___ DATA SEGMENT

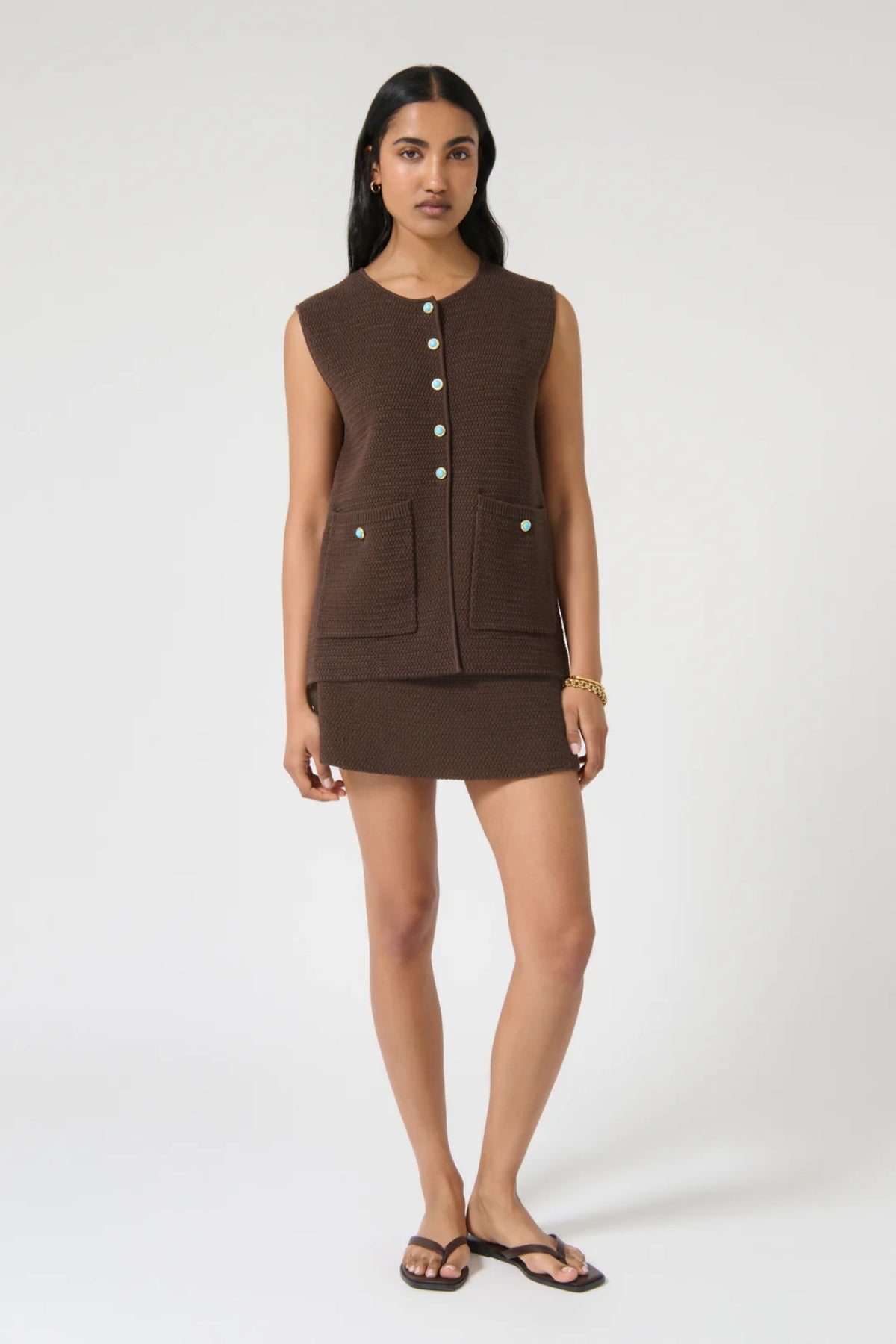 Helena Gilet by Onte — a chocolate cotton crochet-style vest with enamel buttons and a relaxed fit, perfect for effortless layered looks.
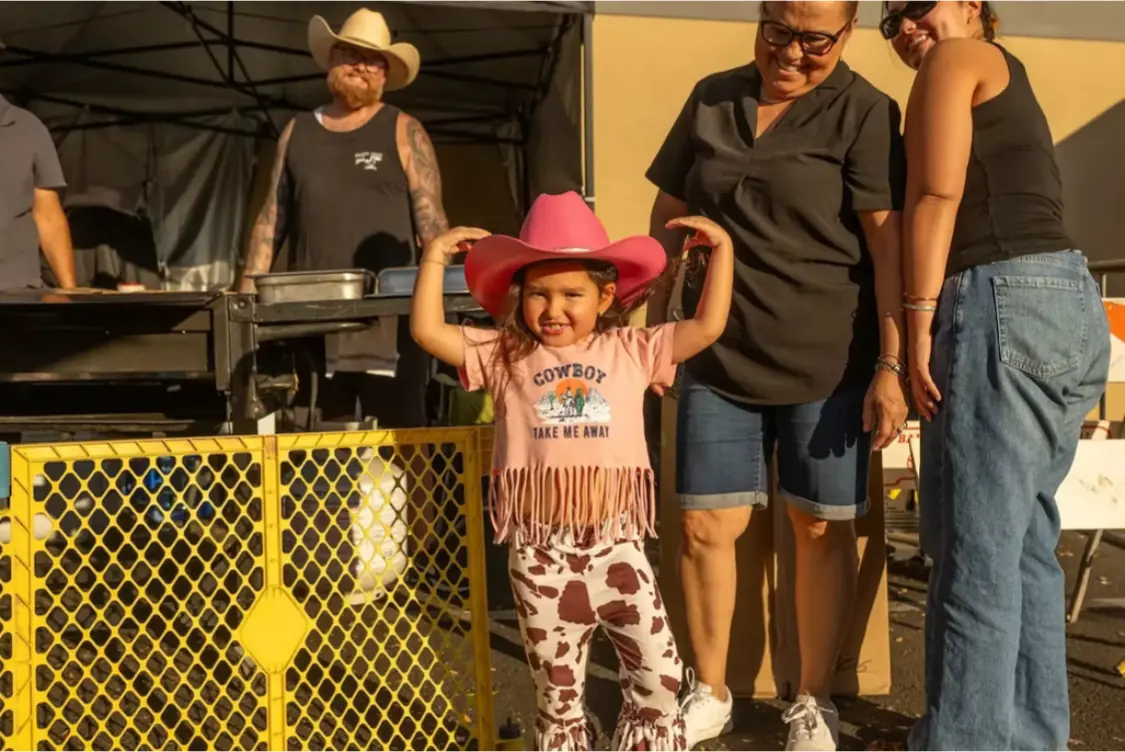 A child in a pink cowboy hat holding the brim
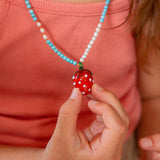 Person wearing a necklace with a strawberry pendant, holding it in their hand.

______

:: REQUIRED ACTION ::
From the line containing "A child in a" through the last line of the material above, write out each line exactly, leaving aside all pictures.

:: SOLUTION TO THIS TASK ::
 A child in a pink cowboy hat holding the brim
 Person wearing a necklace with a strawberry pendant, holding it in their hand.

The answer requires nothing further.